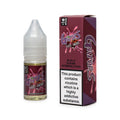 Gators Fizzy Cherry Nic Salt 10mg & 20mg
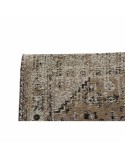 Alfombra DKD Home Decor Algodón Chenille (60 x 240 x 1 cm)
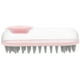 thumbnail image 3 of BRIGHTFUFU Cepillo para perros para perros para el perro desgaste de baño resistente a la bañera de mascota conveniente cepillo de ducha accesorio para perros, 3 of 7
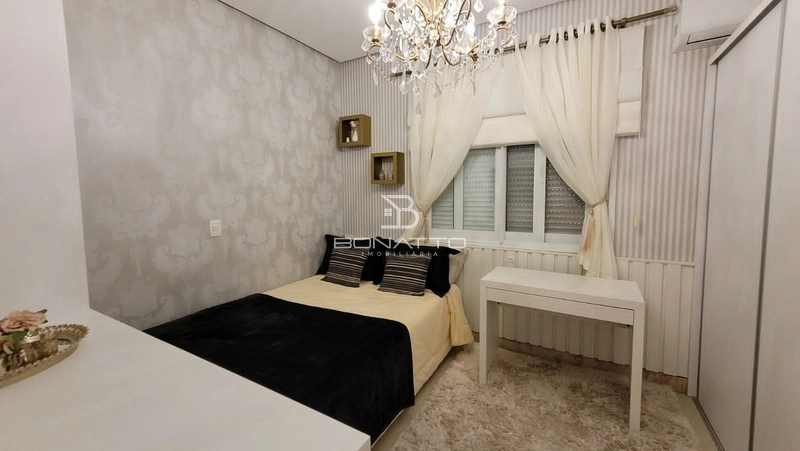 Casa à venda no Condomínio Condado de Capão: 3ª foto da galeria de imagens do imóvel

> [WHAT NEEDS TO BE DONE]
What this calls for is a word-for-word copy of the listing above, pictures excluded.

> [RESULT FOR THIS TASK]
 Gators Fizzy Cherry Nic Salt 10mg & 20mg
 Alfombra DKD Home Decor Algodón Chenille (60 x 240 x 1 cm)
 thumbnail image 3 of BRIGHTFUFU Cepillo para perros para perros para el perro desgaste de baño resistente a la bañera de mascota conveniente cepillo de ducha accesorio para perros, 3 of 7
 Casa à venda no Condomínio Condado de Capão: 3ª foto da galeria de imagens do imóvel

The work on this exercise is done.